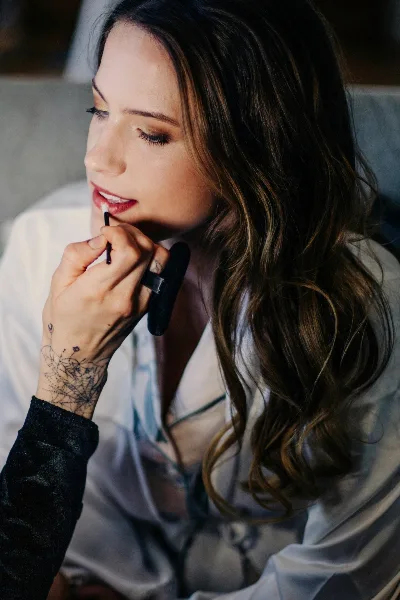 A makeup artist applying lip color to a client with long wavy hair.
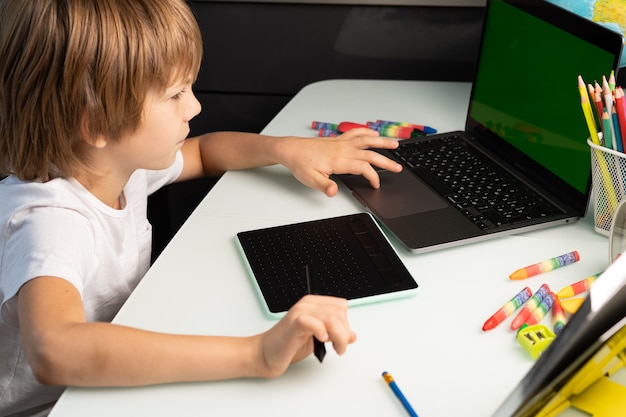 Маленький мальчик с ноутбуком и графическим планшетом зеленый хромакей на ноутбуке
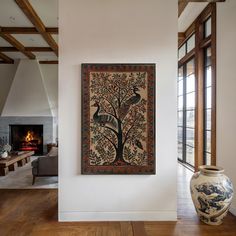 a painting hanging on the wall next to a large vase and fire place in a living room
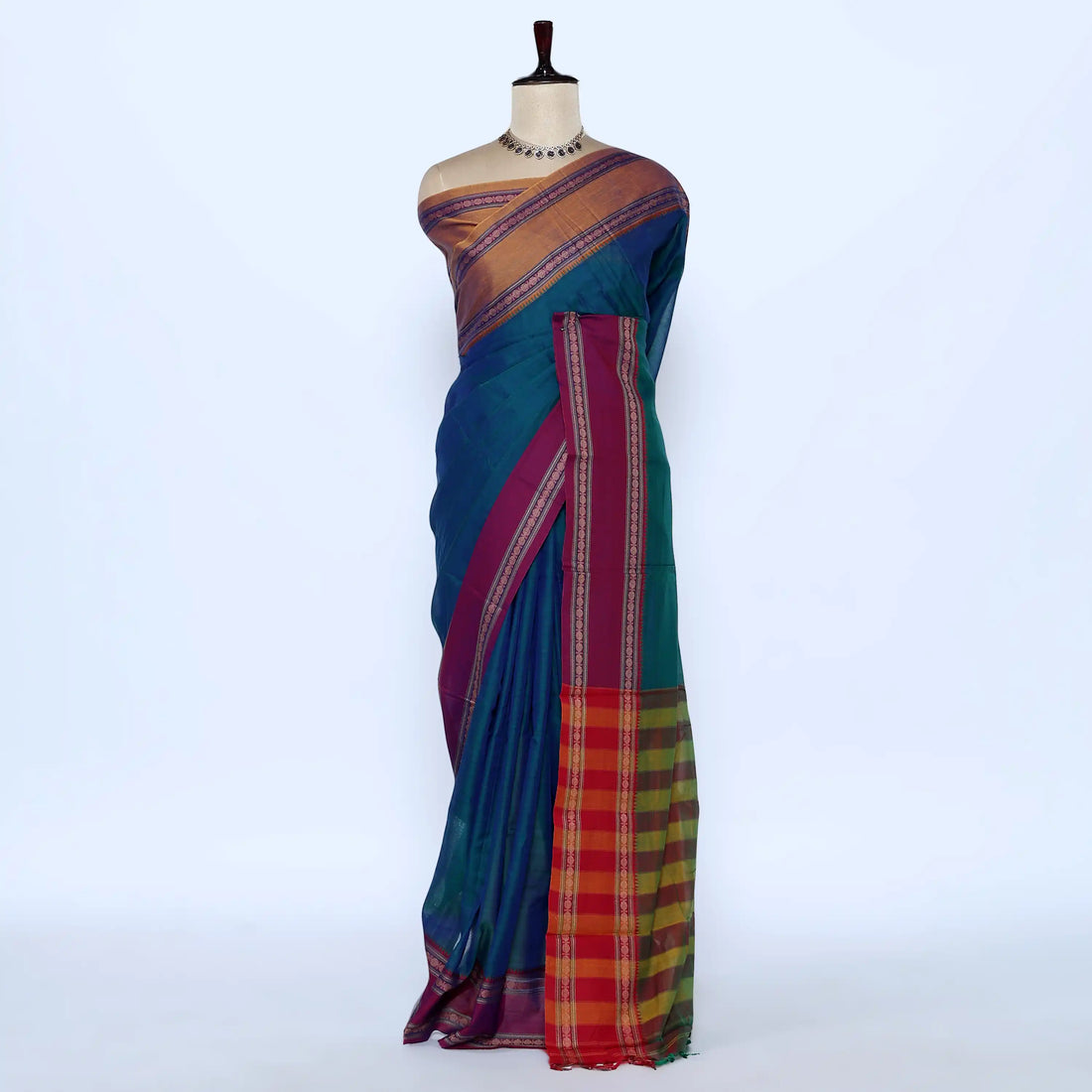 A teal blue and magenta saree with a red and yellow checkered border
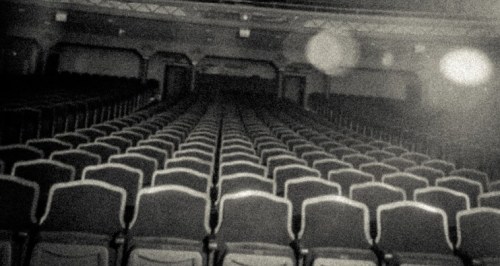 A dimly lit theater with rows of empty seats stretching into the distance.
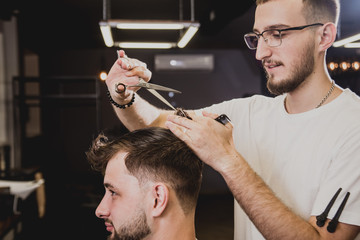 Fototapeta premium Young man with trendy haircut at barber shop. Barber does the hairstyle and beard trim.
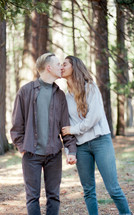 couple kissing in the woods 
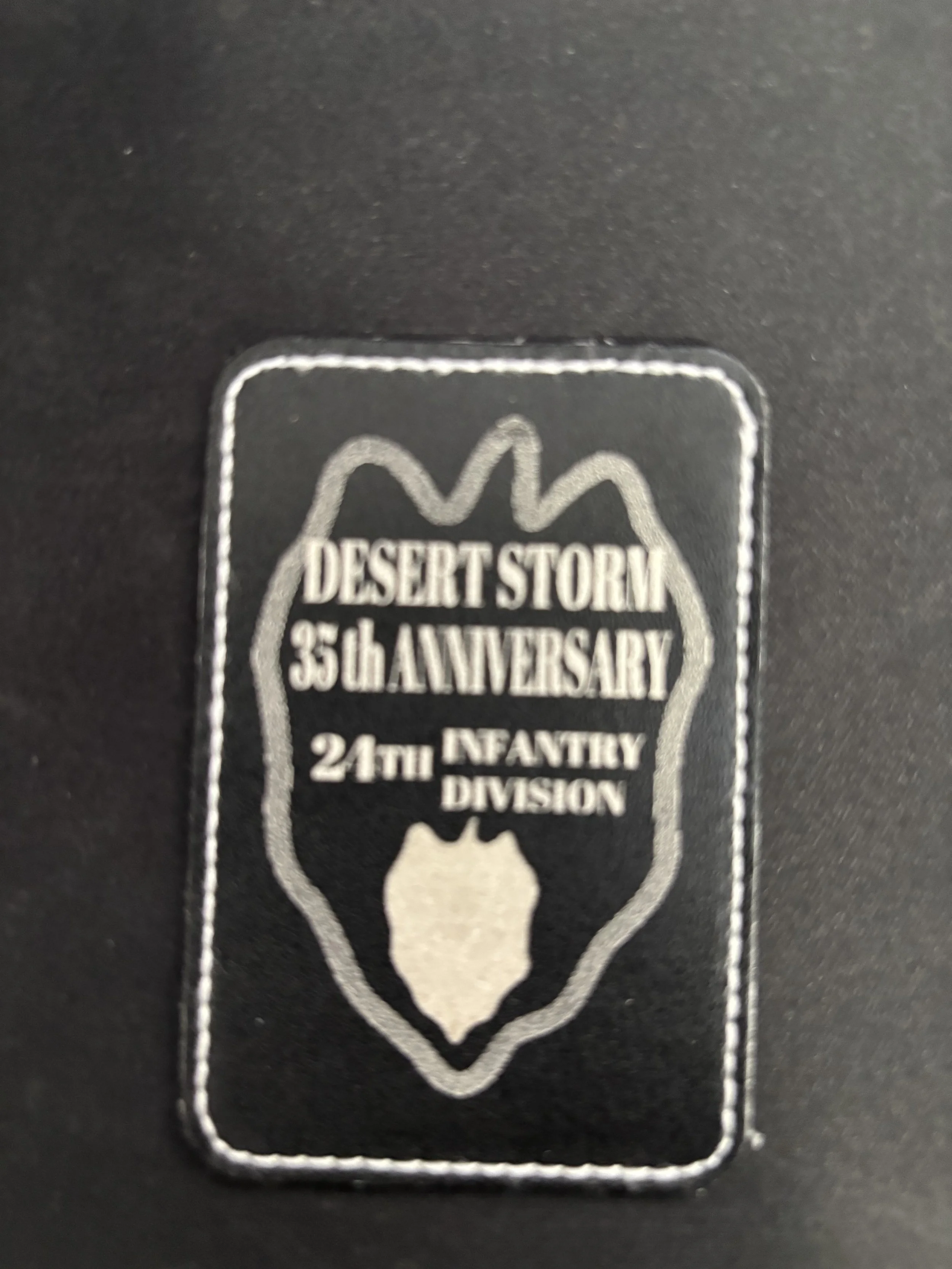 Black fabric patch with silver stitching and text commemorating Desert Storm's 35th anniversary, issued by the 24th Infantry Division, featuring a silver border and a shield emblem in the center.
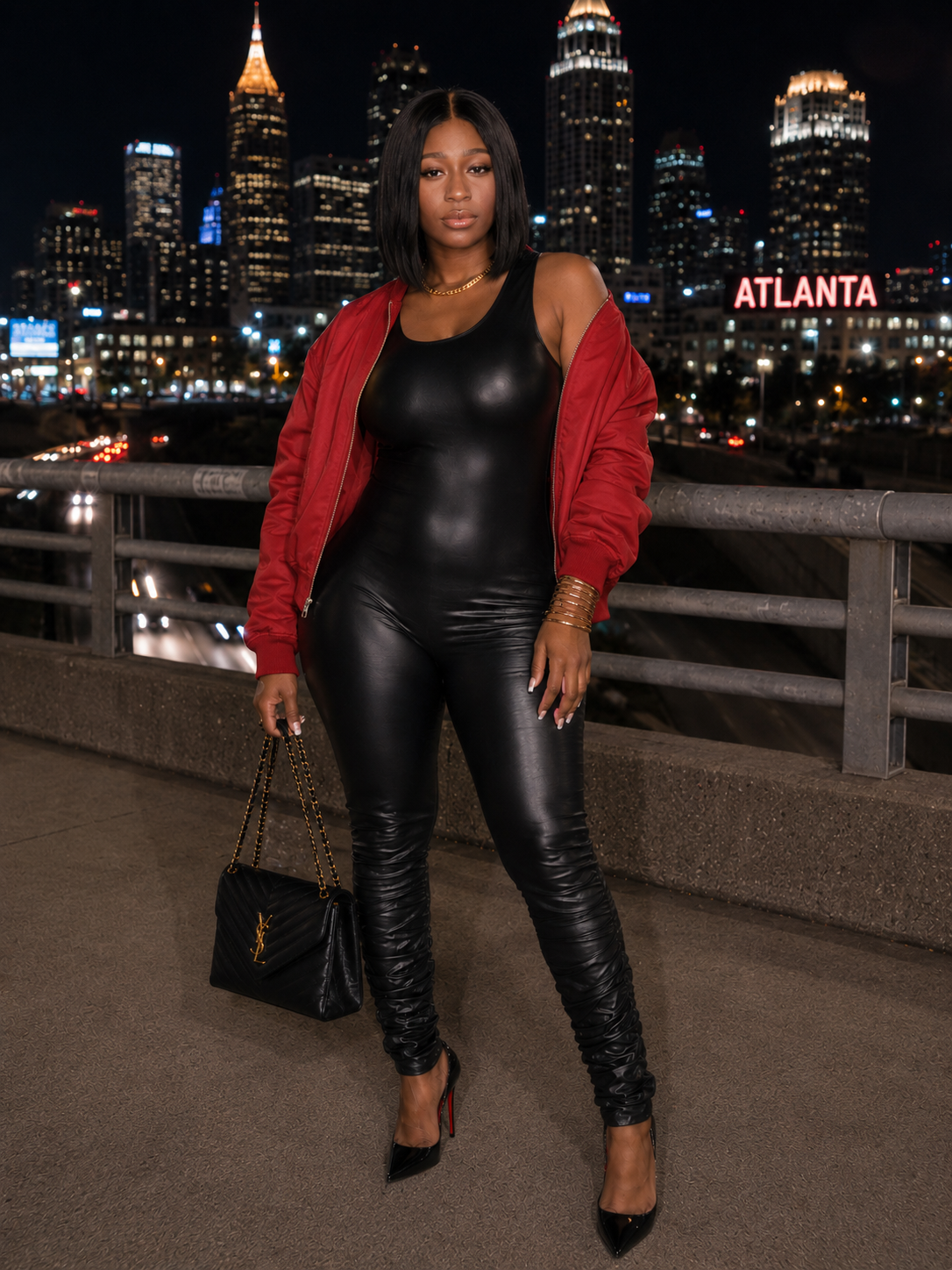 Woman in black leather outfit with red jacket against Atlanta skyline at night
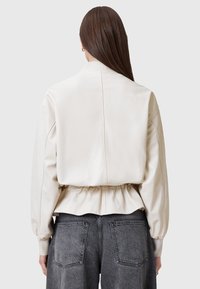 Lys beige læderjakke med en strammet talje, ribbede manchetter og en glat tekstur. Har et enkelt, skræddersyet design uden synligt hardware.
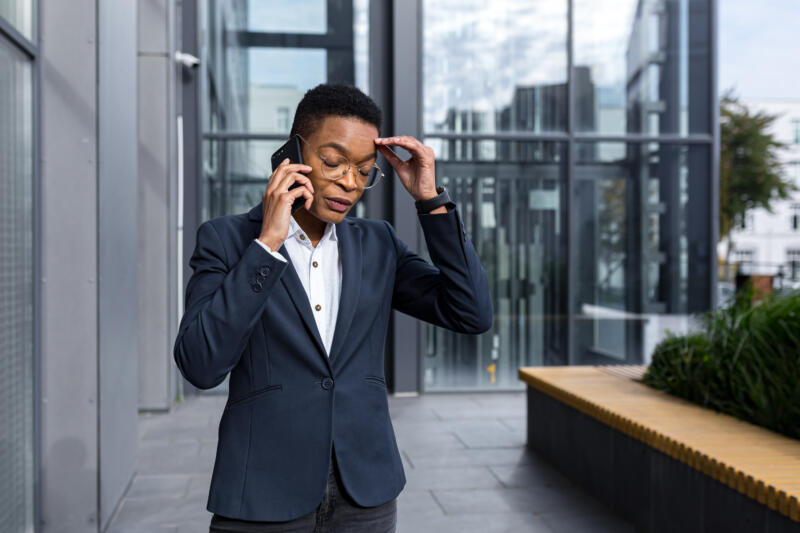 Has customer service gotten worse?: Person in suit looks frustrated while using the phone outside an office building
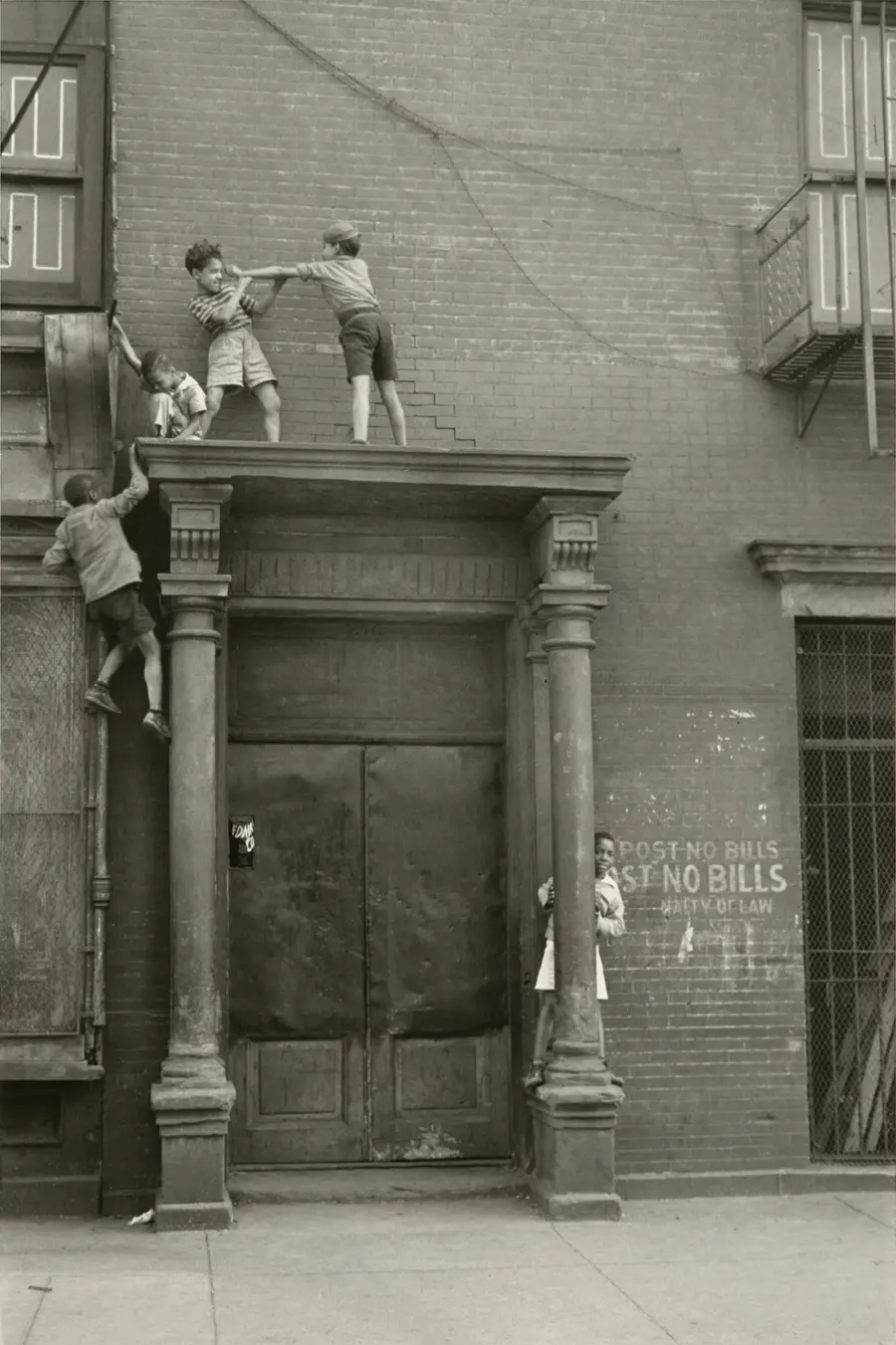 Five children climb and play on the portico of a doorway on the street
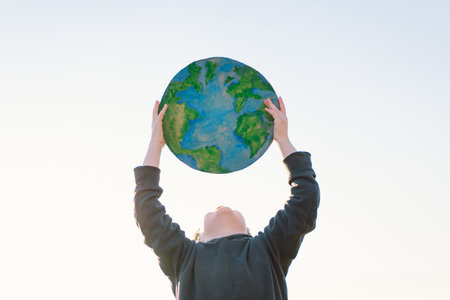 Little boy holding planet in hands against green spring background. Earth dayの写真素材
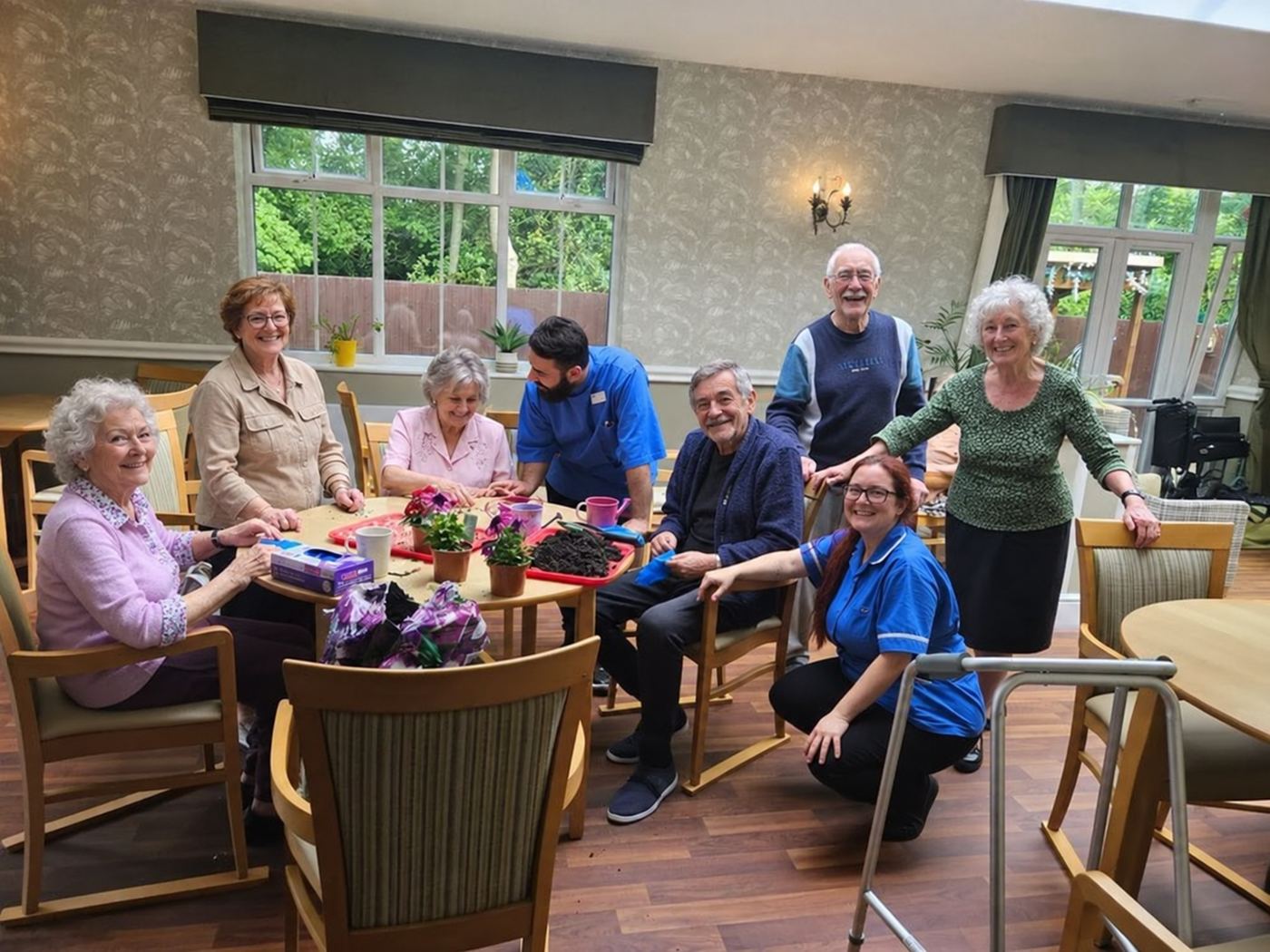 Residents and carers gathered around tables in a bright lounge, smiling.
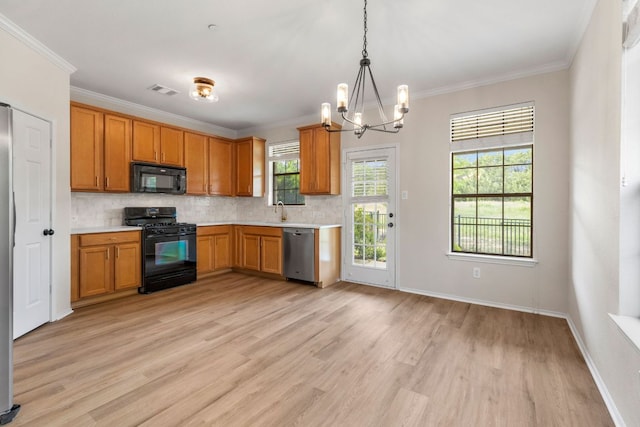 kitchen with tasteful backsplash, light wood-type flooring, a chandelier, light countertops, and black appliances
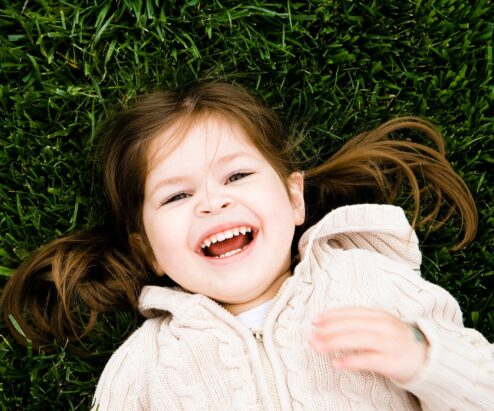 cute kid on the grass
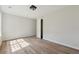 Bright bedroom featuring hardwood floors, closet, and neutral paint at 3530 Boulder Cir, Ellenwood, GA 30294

-=-=-=-=-

#### What to produce:
Word for word, write out each line from the one with "kitchen with tasteful" through the end of the entries above, and omit any pictures.

#### Response to the task:
 kitchen with tasteful backsplash, light wood-type flooring, a chandelier, light countertops, and black appliances
 cute kid on the grass
 Bright bedroom featuring hardwood floors, closet, and neutral paint at 3530 Boulder Cir, Ellenwood, GA 30294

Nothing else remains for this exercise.